* **Task objective**
How many of the lines below contain "High"? Reply with only that figure.

Listed records: Begin

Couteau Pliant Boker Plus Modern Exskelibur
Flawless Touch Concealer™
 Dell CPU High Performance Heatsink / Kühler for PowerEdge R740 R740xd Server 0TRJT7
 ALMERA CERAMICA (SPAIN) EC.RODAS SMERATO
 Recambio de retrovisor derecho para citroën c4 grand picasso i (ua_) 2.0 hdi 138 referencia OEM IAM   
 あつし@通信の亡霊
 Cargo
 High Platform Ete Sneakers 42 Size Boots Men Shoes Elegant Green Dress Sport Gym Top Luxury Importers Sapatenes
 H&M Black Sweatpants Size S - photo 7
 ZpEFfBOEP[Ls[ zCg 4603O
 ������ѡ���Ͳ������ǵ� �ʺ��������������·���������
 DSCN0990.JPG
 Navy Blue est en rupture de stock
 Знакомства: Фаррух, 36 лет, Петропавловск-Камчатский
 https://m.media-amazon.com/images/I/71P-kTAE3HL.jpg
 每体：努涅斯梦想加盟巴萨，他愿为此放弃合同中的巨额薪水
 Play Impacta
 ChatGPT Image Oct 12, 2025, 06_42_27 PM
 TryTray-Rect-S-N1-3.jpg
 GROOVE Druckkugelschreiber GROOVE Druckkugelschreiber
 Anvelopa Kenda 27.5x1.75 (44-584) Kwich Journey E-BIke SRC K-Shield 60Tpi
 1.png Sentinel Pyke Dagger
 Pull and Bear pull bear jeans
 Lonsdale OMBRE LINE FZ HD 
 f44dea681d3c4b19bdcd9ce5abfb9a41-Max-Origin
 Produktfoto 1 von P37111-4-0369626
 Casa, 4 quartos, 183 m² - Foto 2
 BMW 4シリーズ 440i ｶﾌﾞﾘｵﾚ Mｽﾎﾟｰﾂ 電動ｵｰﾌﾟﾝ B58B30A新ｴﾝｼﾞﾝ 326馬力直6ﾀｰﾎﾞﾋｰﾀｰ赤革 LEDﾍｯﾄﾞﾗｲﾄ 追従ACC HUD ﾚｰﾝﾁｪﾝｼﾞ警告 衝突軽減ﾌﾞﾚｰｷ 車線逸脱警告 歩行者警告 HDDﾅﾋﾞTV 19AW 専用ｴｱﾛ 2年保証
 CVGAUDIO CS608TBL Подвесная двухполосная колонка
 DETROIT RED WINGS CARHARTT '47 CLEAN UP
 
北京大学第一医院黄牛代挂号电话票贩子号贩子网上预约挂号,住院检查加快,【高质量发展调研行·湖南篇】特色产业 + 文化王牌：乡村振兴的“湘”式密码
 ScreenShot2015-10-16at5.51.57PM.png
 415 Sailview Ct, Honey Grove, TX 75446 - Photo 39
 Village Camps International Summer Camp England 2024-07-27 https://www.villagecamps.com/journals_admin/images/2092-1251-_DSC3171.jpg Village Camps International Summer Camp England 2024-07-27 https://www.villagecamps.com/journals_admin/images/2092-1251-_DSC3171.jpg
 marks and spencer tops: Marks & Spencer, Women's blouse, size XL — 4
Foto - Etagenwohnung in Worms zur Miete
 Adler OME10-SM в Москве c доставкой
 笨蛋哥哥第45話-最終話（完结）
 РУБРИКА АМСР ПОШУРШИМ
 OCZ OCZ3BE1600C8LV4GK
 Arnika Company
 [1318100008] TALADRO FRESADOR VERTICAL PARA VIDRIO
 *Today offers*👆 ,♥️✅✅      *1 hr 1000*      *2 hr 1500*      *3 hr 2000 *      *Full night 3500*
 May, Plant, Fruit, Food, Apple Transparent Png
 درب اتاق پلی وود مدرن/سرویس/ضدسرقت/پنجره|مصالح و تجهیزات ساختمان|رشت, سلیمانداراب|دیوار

Listed records: End

* **Finished exercise**
2